Historiographie antiquité
 
Esclavage, la pensée unique des Anciens
CONCEPTIONS DE L'ESCLAVAGE D'ARISTOTE À SAINT AUGUSTIN (Ideas of Slavery from Aristote to Augustine) de Peter Garnsey. Traduit de l'anglais par Alexandre Hasnaoui, Les Belles Lettres, "Histoire", 412 p., 29  € . LE CACHOT ET LES FERS Détention et coercition à Rome de Yann Rivière. Belin, "L'Antiquité au présent", 384 p., 24,90 € .

a) Peter Garnsey
Le débat sur l'esclavage court pendant un millénaire à travers des auteurs aussi différents qu'Aristote Platon, Paul de Tarse, Philon d'Alexandrie, Sénèque ou Ambroise de Milan.
Peter Garnsey a rassemblé une foule de textes traduits et classés par thèmes, donnant accès ainsi directement à la pensée des Anciens. Textes philosophiques, mais aussi extraits des grands juristes ou méditations des Pères de l'Eglise.

Au final, à l'exception des Esséniens de Qumran ou des thérapeutes d'Alexandrie, des marginaux, et surtout de l'évêque cappadocien Grégoire de Nysse, nul ne remet en cause cette institution commune à toutes les sociétés antiques.

Quand bien même l'esclavage serait moralement condamnable, tous les auteurs concluent à son caractère inéluctable.

Seul Grégoire de Nysse affirme que, si Dieu a fait l'homme à son image, posséder des esclaves n'est rien d'autre que "s'ériger en maître de l'image de Dieu". Mais Grégoire ne tire pas les conséquences de sa propre démonstration, puisqu'il n'invite pas à l'abolition de l'institution, se contentant d'affranchir les siens.

b) Yann Rivière
Dans toute l'Antiquité, y compris chrétienne, le législateur soucieux du maintien de l'ordre établi consolide l'institution. Or l'esclave est porté à fuir.

Yann Rivière a rassemblé quatre études où il montre notamment en quoi la prison ne fut jamais considérée comme un châtiment à Rome, mais comme un lieu de passage avant le jugement ou l'exécution de la peine.
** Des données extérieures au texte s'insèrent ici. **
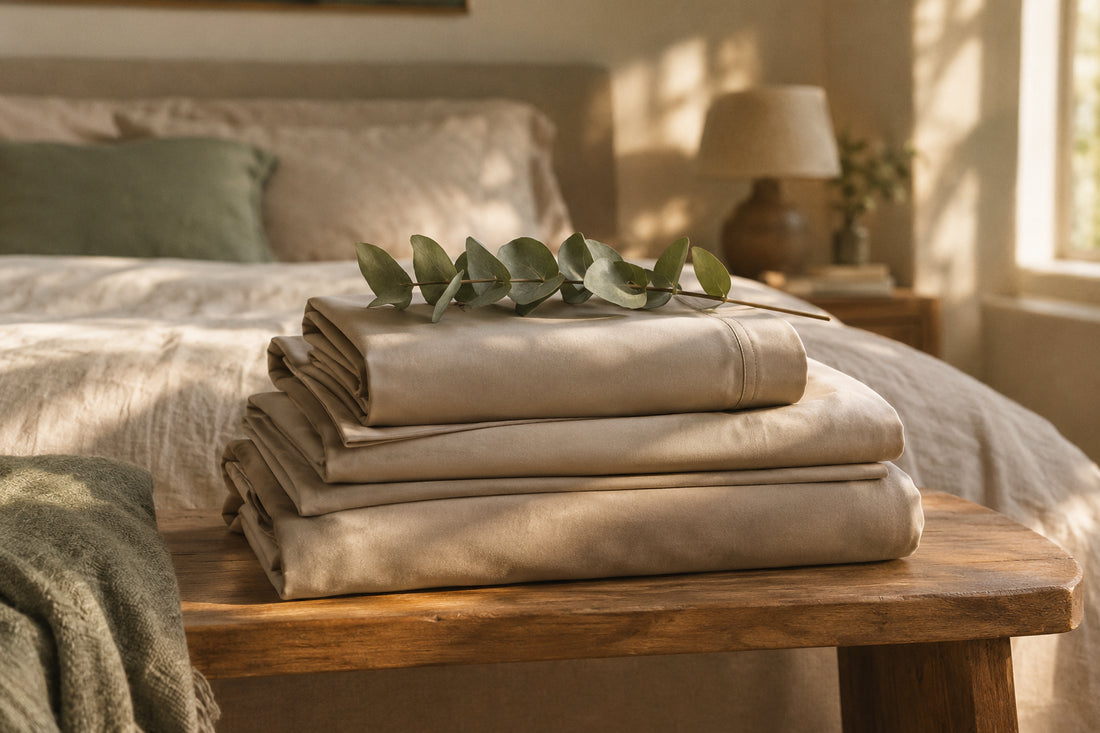 Folded stack of oat-colored eucalyptus lyocell sateen sheets with a fresh eucalyptus sprig on top, what to check before you buy eucalyptus sheets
On met en œuvre les moyens les plus raffinés et les plus cruels pour rendre insupportable la vie de l'esclave en fuite  : tatouages, colliers, crânes rasés sont là pour dénoncer l'esclave, et les châtiments promis à celui qui est repris devraient dissuader quiconque.

Rien n'y fait et la fuite des esclaves reste une obsession des maîtres  : la rhétorique des Pères de l'Eglise pour imposer l'obéissance aux lois de l'Etat, dont Garnsey donne des exemples éclairants, échoue elle aussi à garantir la fidélité sans faille des esclaves. Comme si la nature des esclaves, n'en déplaise à Aristote, résidait dans la recherche de la liberté, quel qu'en soit le prix.